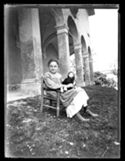 Lina Guerrini seduta su una seggiolina con una bambola nel giardino davanti al loggiato della villa di Gaibola, detta la Vigna: Bologna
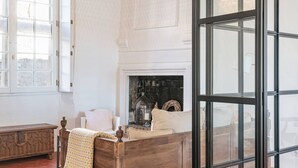 A room with a wooden bed, a white upholstered chair, a small table with a candle, and a fireplace. - Apt Chagall – In the heart of Saint-Paul de Vence (Saint Paul de Vence)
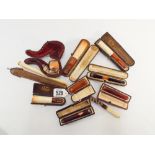 A collection of Victorian and later boxed Cheroot holders some with amber stems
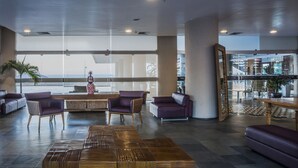 A spacious lobby with leather sofas, a central coffee table, and large windows offering a view of the water. - Hotel Resort Rio Poty (São Luís)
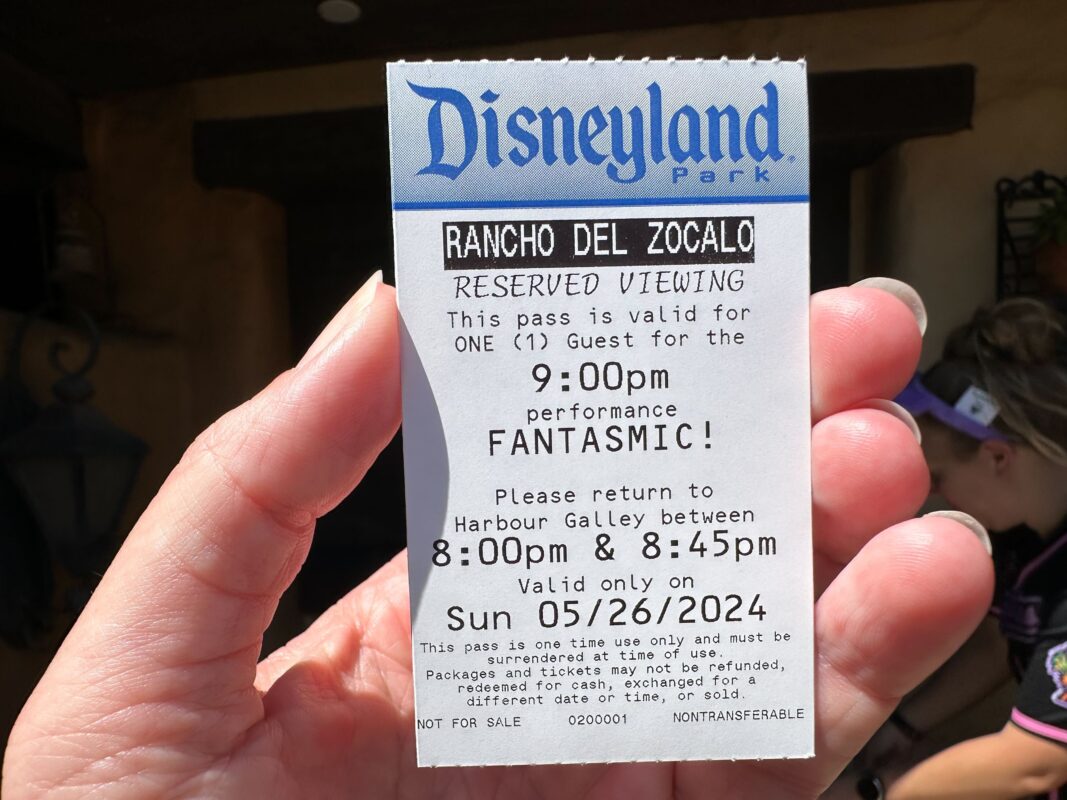 A hand holding a Disneyland park ticket for reserved viewing of Fantasmic on May 26, 2024, at 9:00 PM. The ticket is valid for one guest and needs to be redeemed at Harbour Galley by 8:45 PM.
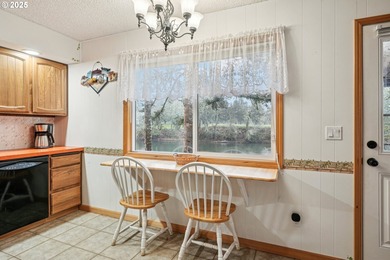 Experience rare riverfront living in a secluded Woodland on Lewis River Golf Course, Inc. in Washington - for sale on GolfHomes.com, golf home, golf lot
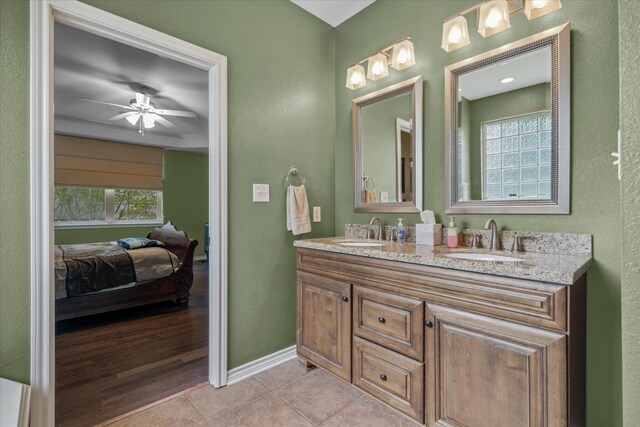 full bathroom with double vanity, connected bathroom, baseboards, and a sink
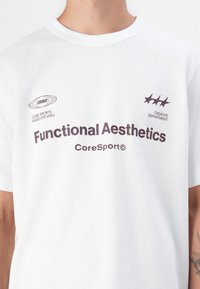 White cotton t-shirt featuring a crew neck, short sleeves, and dark text. Design includes logos and phrases related to sports.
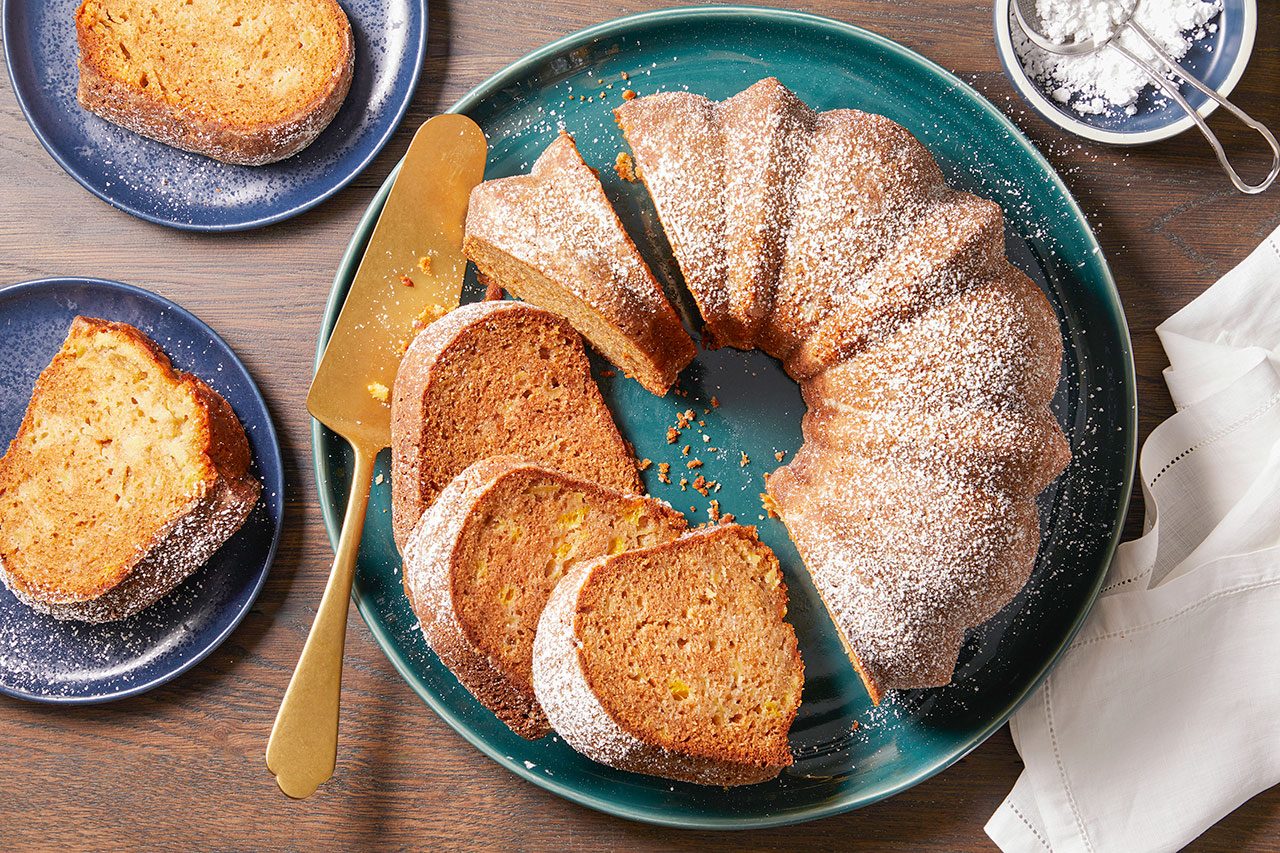 Overhead horizontal image of a bundt cake, partially sliced and dusted with powdered sugar, displayed on a teal serving plate. Two individual slices, also dusted with powdered sugar, rest on smaller blue plates, with a gold cake server beside the main cake. A small bowl of powdered sugar and a sifter are also visible.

============

ASSIGNMENT: Each line, from the beginning of the listing to the line bearing "A hand holding" inclusive, should be copied exactly; the pictures stay out.

REPLY:
 Lina Guerrini seduta su una seggiolina con una bambola nel giardino davanti al loggiato della villa di Gaibola, detta la Vigna: Bologna
 A room with a wooden bed, a white upholstered chair, a small table with a candle, and a fireplace. - Apt Chagall – In the heart of Saint-Paul de Vence (Saint Paul de Vence)
 A collection of Victorian and later boxed Cheroot holders some with amber stems
 A spacious lobby with leather sofas, a central coffee table, and large windows offering a view of the water. - Hotel Resort Rio Poty (São Luís)
 A hand holding a Disneyland park ticket for reserved viewing of Fantasmic on May 26, 2024, at 9:00 PM. The ticket is valid for one guest and needs to be redeemed at Harbour Galley by 8:45 PM.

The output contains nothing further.